12. It was held as early as in Cropper v. Smith, 1884-26 Ch.D. 700 that the object of Codes and Rules of Procedure was to decide the rights of parties and not to punish them for their mistakes. In Robinson and others v. Unicos Property Corporation Ltd,. 1962 (2) All. E.R. 24 it was held that punishing for mistakes was of course not administration of justice. In Jai Ram Manohar Lal. v. National Building national Supply, the Supreme Court held as follows:

"Rules of procedure are intended to be a handmaid to the administration of justice. A party cannot be refused just relief merely because of some mistake, negligence, inadvertence or even infraction to the rules of procedure."

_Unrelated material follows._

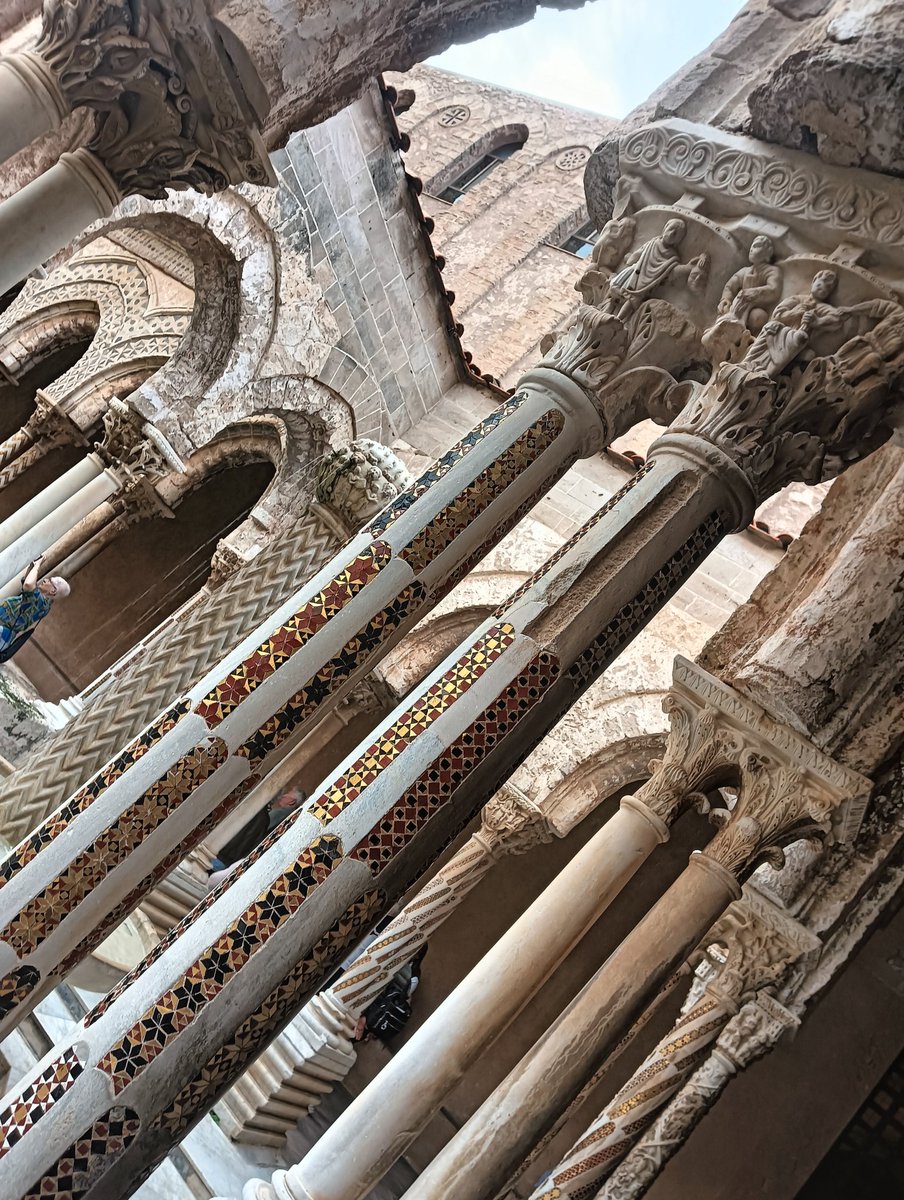gozARTE's tweet image. #SiciliaconGozarte2025 ¡Qué belleza el claustro del duomo de #Monreale!!! ¡¡¡Qué grande todo lo que dejaron los normandos en #Sicilia!!!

13. Bearing the above in mind, if we analyse the case on hand, it would transpire that the omission to resort to the provisions of Order 18, Rule 3-A should not be put against the respondent thus jeopardizing the course of justice.

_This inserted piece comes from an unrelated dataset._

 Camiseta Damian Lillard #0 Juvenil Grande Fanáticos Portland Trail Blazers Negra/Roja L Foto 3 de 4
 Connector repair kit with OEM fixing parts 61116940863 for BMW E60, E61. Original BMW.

14. One other thing to be noticed is that this point was not at all raised by the appellants in either of the two courts below. No doubt, the appellants are entitled to raise the point as an additional substantial question of law. But, in my view, the appellants were not in any way prejudiced by the examination of the respondent as B.W.2 after examination of his witness as D.W.1 and following the decision of the Patna High Court the evidence need not be expunged. The additional substantial question of law raised is therefore answered against the appellants.

15. Now adverting to the other two substantial questions of law, the courts below have found that the house property was purchased jointly by the first appellant and the respondent and that the settlement deed had been validly executed by the respondent in favour of appellants 2 and 3 retaining a life interest in himself. These are findings of fact and cannot be interfered with. The Lower Appellate court chose to discredit the case of the appellant that the respondent pursuant to a family arrangement gave up his life interest in favour of appellants 2 and 3 in lieu of their discharging the society debt of the respondent. The Lower Appellate Court in this regard found that appellants 2 and 3 had not established that they discharged the loan of the respondent and on the contrary it was only the respondent, who discharged the loan to the Co-operative Society and that the case of appellants 2 and 3 was false. No exception can be taken to this finding by the Lower Appellate Court. The Lower Appellate Court was justified in refusing the relief of injunction so far as the house property was concerned.

16. So far as the lands are concerned, the Lower Appellate Court found that the respondent had patta in his favour in respect of the lands, that he had dealt with the lands in his own right by mortgaging them, that the confusion regarding the initials contained in the documents had been made much of and it did not really matter and that the lands belonged absolutely to the respondent and he was entitled to a decree for declaration and injunction in respect of the lands.

17. The cross objections relate to the refusal of the relief of injunction by the Lower Appellate Court. Having regard to the discussion above, the case of the cross objectors has also to be rejected.

18. The substantial questions of law raised in both the second appeals are answered against the appellants and the second appeals as also the cross objections are dismissed. There will, however, be no order as to costs.